«Eine Absage wäre jetzt das Schlimmste.» Bettina Oberli sitzt in der Kantine des Luzerner Theaters am Tag, als der Bundesrat die Massnahmen in Sachen Corona-Virus verschärft hat. Nach einem halben Jahr Vorbereitung steht die Premiere ihrer neuesten Regiearbeit an: «Eugen Onegin», Peter Tschaikowskys Oper nach dem Stück von Alexander Puschkin. «Zumindest einmal soll sie gespielt werden», hofft Oberli fast flehentlich.
Ungebrochene Liebe zum Kino
Die 47-jährige Regisseurin ist sich Echo gewohnt. Ihre Filme laufen weltweit an Festivals und erreichen das grosse Kinopublikum. «Die Herbstzeitlosen» von 2006 ist immer noch der zweiterfolgreichste Schweizer Film nach «Die Schweizermacher». Schon für ihr Debüt «Im Nordwind» gewann sie 2004 diverse Preise. Mit dem Thriller «Tannöd» hat sie 2010 den gesamten deutschsprachigen Raum erobert, mit dem Jura-Drama «Le vent tourne» 2018 den frankophonen.

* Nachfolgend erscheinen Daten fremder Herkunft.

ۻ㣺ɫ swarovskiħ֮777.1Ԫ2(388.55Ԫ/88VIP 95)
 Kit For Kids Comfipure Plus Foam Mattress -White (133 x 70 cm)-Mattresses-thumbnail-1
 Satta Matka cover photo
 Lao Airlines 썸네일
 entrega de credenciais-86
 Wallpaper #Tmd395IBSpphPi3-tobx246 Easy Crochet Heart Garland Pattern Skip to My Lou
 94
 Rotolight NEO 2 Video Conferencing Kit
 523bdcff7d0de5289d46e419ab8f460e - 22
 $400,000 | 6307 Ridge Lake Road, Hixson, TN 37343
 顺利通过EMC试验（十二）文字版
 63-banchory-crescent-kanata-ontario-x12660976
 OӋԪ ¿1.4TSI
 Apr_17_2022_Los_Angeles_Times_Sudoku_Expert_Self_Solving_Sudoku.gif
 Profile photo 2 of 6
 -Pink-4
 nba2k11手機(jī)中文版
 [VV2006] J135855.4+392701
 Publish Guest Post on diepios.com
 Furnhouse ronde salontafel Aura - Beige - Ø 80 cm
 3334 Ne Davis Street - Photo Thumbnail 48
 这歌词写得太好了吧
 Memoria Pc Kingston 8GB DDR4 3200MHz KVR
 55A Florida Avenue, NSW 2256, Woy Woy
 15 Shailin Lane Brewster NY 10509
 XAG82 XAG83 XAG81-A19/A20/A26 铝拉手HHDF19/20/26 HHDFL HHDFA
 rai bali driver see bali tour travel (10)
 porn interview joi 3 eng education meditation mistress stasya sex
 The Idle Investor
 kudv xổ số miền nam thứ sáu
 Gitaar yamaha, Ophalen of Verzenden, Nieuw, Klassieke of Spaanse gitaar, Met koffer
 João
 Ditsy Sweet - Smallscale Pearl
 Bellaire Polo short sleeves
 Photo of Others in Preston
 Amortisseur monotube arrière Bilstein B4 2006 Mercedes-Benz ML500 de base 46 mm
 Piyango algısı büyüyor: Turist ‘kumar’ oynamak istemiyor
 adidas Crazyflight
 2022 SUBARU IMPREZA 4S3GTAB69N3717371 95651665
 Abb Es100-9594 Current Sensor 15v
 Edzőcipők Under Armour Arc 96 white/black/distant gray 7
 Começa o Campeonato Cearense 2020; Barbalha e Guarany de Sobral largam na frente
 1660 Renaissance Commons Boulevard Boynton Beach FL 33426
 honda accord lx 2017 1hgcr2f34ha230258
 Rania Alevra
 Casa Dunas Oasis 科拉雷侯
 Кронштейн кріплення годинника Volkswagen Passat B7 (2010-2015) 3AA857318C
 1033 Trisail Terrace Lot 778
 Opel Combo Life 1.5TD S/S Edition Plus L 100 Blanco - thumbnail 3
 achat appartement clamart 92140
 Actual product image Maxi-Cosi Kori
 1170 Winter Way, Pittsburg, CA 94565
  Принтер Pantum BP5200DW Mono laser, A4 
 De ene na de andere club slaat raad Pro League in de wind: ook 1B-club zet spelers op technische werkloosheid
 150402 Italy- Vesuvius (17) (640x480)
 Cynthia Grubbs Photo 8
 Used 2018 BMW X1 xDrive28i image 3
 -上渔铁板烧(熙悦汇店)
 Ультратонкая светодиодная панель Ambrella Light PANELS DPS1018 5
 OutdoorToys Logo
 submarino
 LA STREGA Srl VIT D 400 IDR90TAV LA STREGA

Warum hat Oberli überhaupt vom Kino zur Bühne gewechselt? «Vor sieben Jahren konnte ich am Theater Basel ‹Anna Karenina› inszenieren», erzählt sie. Das sei ein solch nachhaltiges Erlebnis gewesen, dass sie die Opern-Anfrage aus Luzern mit einem «sofortigen Ja» beantworte habe. «Jeder Filmregisseur leidet darunter, dass für seine eigentliche Arbeit wegen des grossen technischen Aufwands zu wenig Zeit bleibt. Bei Bühnenproben kann man stundenlang konzentriert mit den Schauspielern arbeiten.» Oberli verweist aber auch auf Ähnlichkeiten von Film und Oper. «In beiden Fällen arbeitet man visuell, kreiert Atmosphären mittels Bildern.» Die Musik gebe zwar einen klaren Rahmen vor, lasse aber die Freiheit, diesen mit eigenen Bildern auszufüllen. Ähnliches gelte für die Textarbeit: «Während sich meine Drehbücher jeweils bis zum letzten Schnitt ändern, habe ich hier mit einem bewährten Libretto gearbeitet und konnte mich auf dessen visuelle Umsetzung konzentrieren.»
Ist da die Leidenschaft einer künftigen Opernregisseurin zu hören? «Ich nehms, wies kommt», lacht Bettina Oberli, betont dann aber ihre ungebrochene Liebe zum Kino. Und verweist auf «Wanda, mein Wunder». So heisst Oberlis neuer Spielfilm, der bald im Wettbewerb des Tribeca Film Festivals in New York läuft und im Herbst in die Schweizer Kinos kommt.
Die vielseitige Produktivität dieser Frau ist beeindruckend: 2019 hat sie noch den Kurzfilm «Kingdom» realisiert, bereits sind neue Projekte in Arbeit, die meisten ihrer Drehbücher initiiert sie selbst und schreibt zumindest als Co-Autorin mit. Derweil sitzen in Zürich, wo die Bernerin seit 25 Jahren lebt, zwei Teenagersöhne mit am Familientisch. Bleibt ihr da überhaupt noch Zeit für eigenen Kulturgenuss? Die Antwort erstaunt nicht: «Ich lese viel. Und ich gehe oft ins Kino.» Und demnächst hoffentlich an die eigene Opern-Premiere.
Eugen Onegin
Premiere: Sa, 21.3., 19.30
Luzerner Theater
Bettina Oberlis Kulturtipps
Buch
Nadja Spiegelman: Was nie geschehen ist (Aufbau 2018)
«Die Mutter-Tochter-Beziehung über mehrere Generationen hinweg entwickelt einen starken emotionalen Sog und ist so persönlich, dass eine Ebene entsteht, in der man sich selber wiedererkennt.»
CD
Cat Power: Wanderer
(Domino Records 2018)
«Diese Musik habe ich beim Schreiben meines letzten Films im Dauerloop gehört. Ideal, um in eine kreative Stimmung zu kommen.»
Serie
Lisa Cholodenko: Olive Kitteridge (Warner Home Video 2015)
«Die Miniserie betört mit fantastischen Schauspielerinnen wie Frances McDormand als verbitterte Mathelehrerin.»